Overall, the objectives of the 28th regime as defined by the Commission and the Parliament are well aligned, as both institutions believe the regime should support the EU’s competitiveness, harmonise the single market and modernise the business environment. However, there are some key differences; EPRS conducted a comparative assessment of the Commission’s proposal for a 28th regime corporate legal framework and Parliament’s legislative-initiative resolution, identifying limitations in six areas of the Commission’s proposal, which include:

  • Harmonised legal form;
  • Registration and exit;
  • Closure of companies;
  • Attracting talent;
  • Governance and safeguards;
  • Dispute resolution.

The EPRS assessment found that the Commission proposal could have an impact on the generation of European added value, with particular reference to three of the identified shortcomings. Firstly, the scope of eligible companies is broad, without ensuring a clear and consistent definition. Secondly, the proposed ‘dual-track’ system could vary across Member States, reducing legal certainty for investors and restricting possibilities for cross-border scale-up of innovative companies. Finally, there is a lack of measures to establish a specialised dispute resolution mechanism.


Ultimately, the Commission proposal focuses on company law and operations while Parliament takes a broader view, considering the need to support the entire ecosystem around innovative companies, including labour law, investment, and cross-border scale up.

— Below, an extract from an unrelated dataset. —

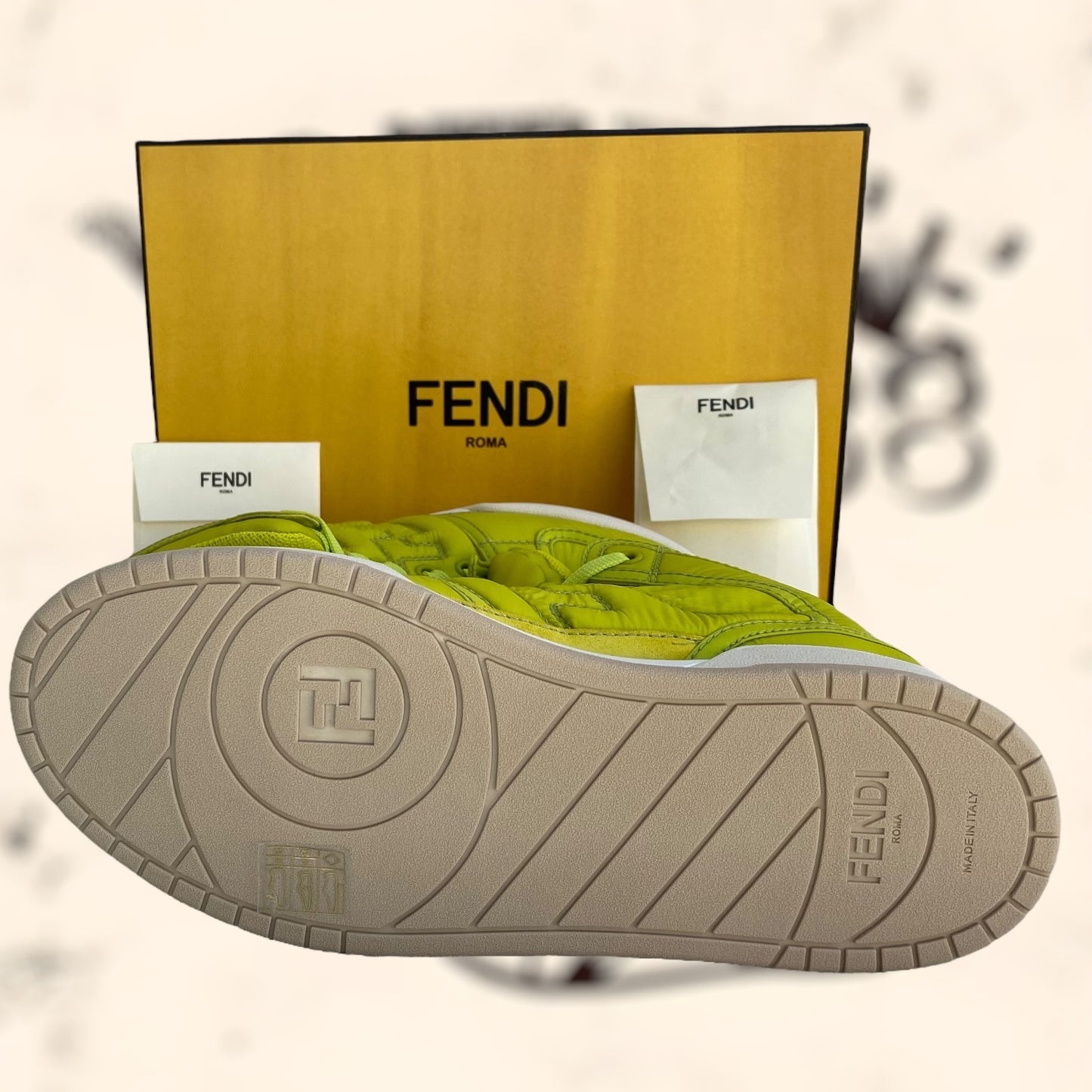 Zapatillas Fendi Nylon Math High “Nuevas”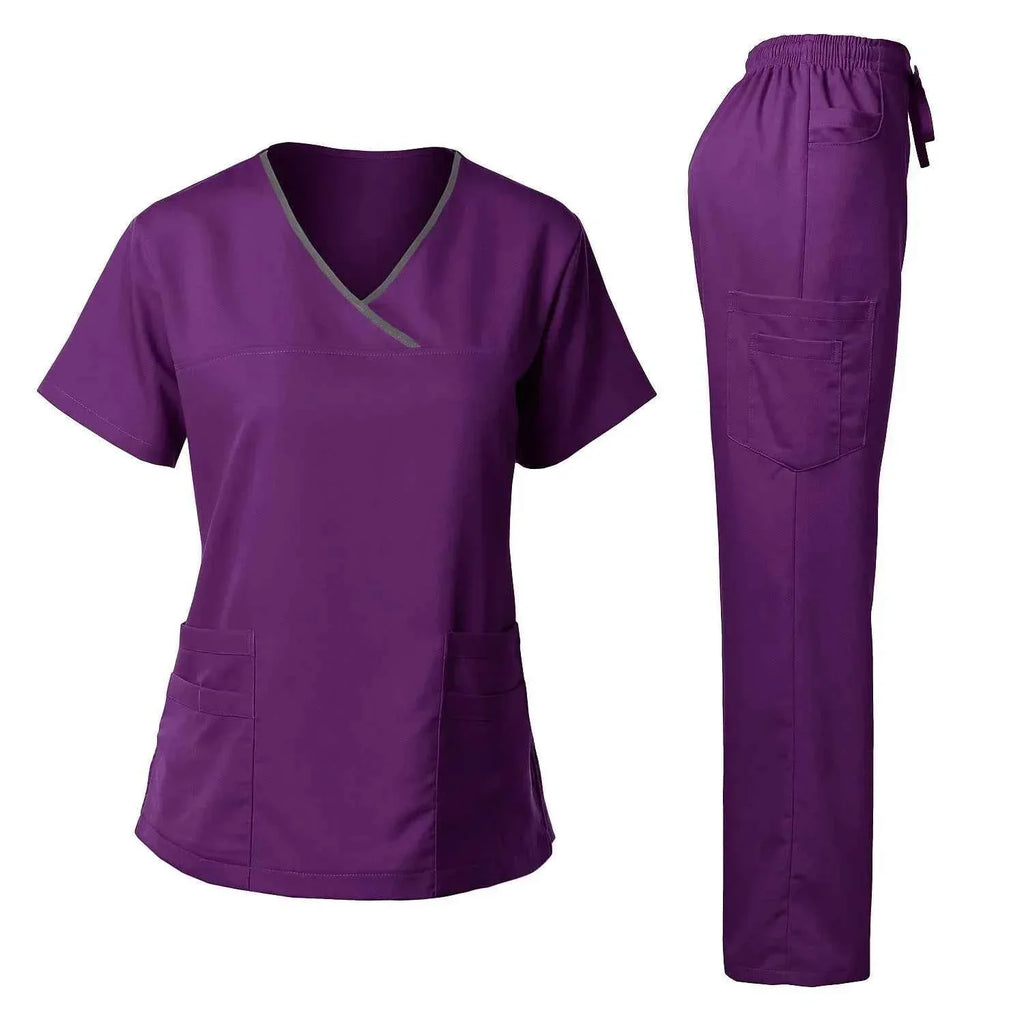 Women's Medical Scrub Uniform Set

The 28th regime is a key measure in the European Commission’s 2025 competitiveness compass; an economic framework which aims to close the innovation gap, decarbonise the economy and reduce foreign dependencies. The need for such a comprehensive legal framework was highlighted by the 2024 Letta and Draghi reports. Its objective is to create a uniform set of rules for companies applicable across the EU, simplifying the legal framework to facilitate the competitiveness of businesses and start-ups operating in the single market.

The Commission envisages that it should be possible to establish a company under the 28th regime within 48 hours, which EPRS predicts could lead to an increase in venture capital invested in European companies of about €445 billion, thus supporting the potential of European start-ups to grow and scale-up in Europe.